Start of Block

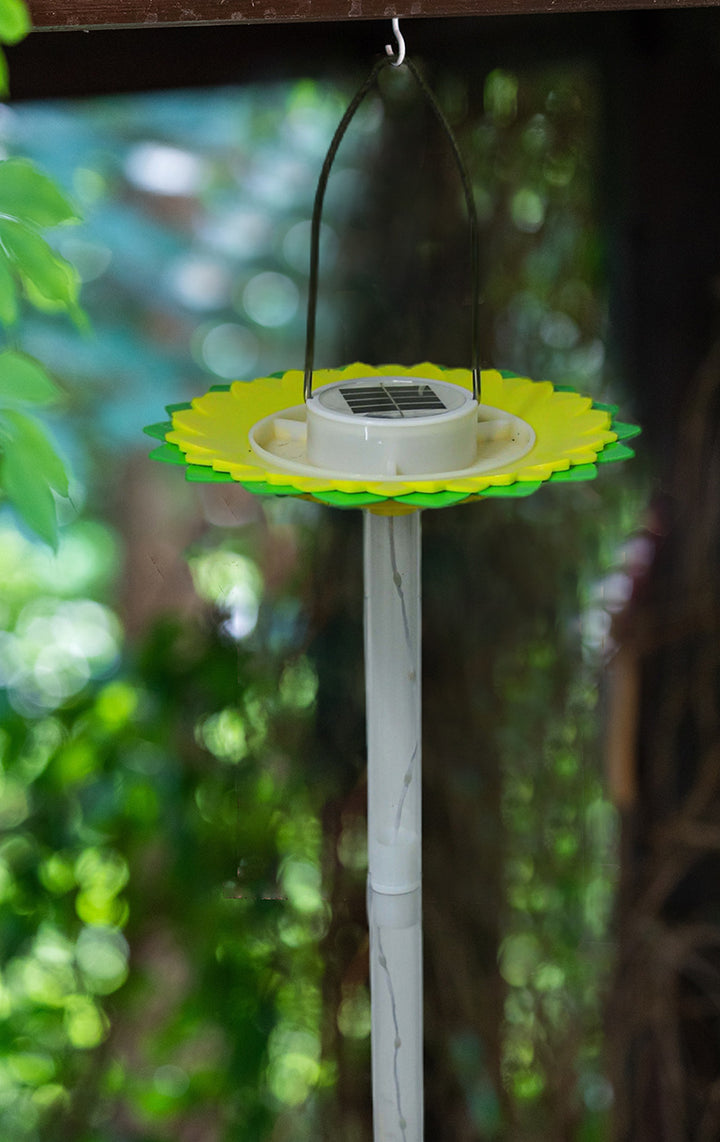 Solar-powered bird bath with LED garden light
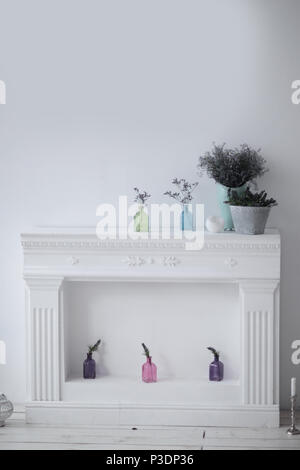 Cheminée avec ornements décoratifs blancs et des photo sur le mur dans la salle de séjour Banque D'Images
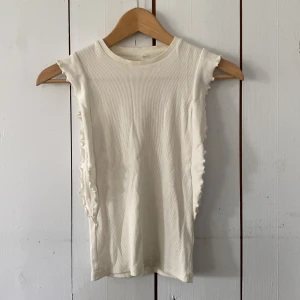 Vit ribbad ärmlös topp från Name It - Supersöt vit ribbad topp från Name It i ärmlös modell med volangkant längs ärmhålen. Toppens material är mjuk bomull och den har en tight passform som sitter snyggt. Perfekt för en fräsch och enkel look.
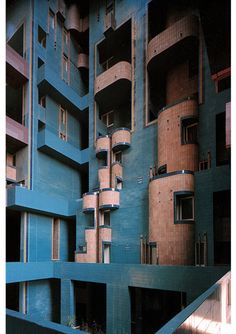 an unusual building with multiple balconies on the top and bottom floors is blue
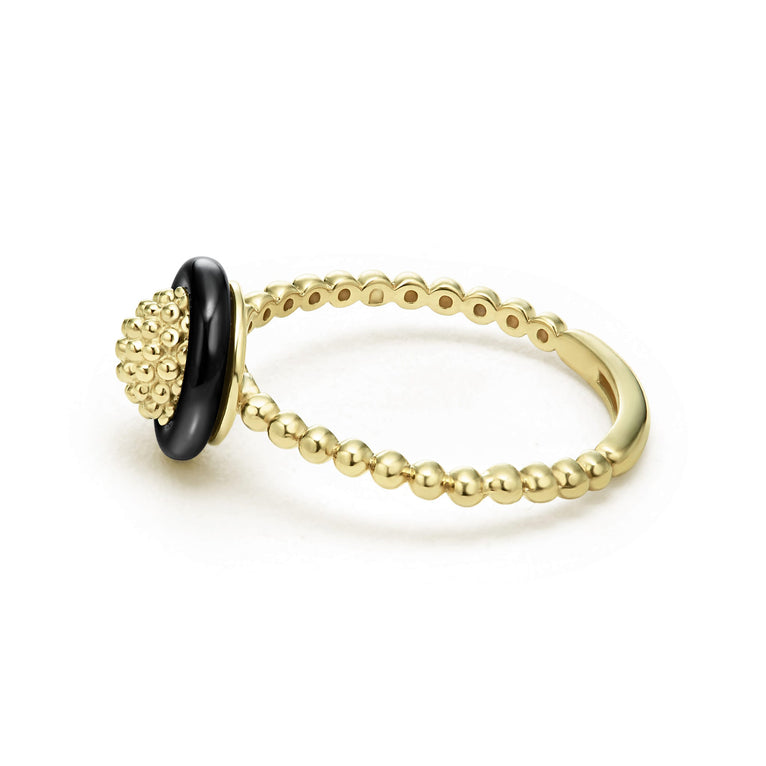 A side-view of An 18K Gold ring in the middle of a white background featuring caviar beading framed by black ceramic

End of Block

= WHAT YOU SHOULD DO =
Transcribe exactly, and only, the lines from the one with "Cheminée avec ornements" through the final line of the data above. The pictures stay out.

= ANSWER BOX =
 Cheminée avec ornements décoratifs blancs et des photo sur le mur dans la salle de séjour Banque D'Images
 Vit ribbad ärmlös topp från Name It - Supersöt vit ribbad topp från Name It i ärmlös modell med volangkant längs ärmhålen. Toppens material är mjuk bomull och den har en tight passform som sitter snyggt. Perfekt för en fräsch och enkel look.
 an unusual building with multiple balconies on the top and bottom floors is blue
 A side-view of An 18K Gold ring in the middle of a white background featuring caviar beading framed by black ceramic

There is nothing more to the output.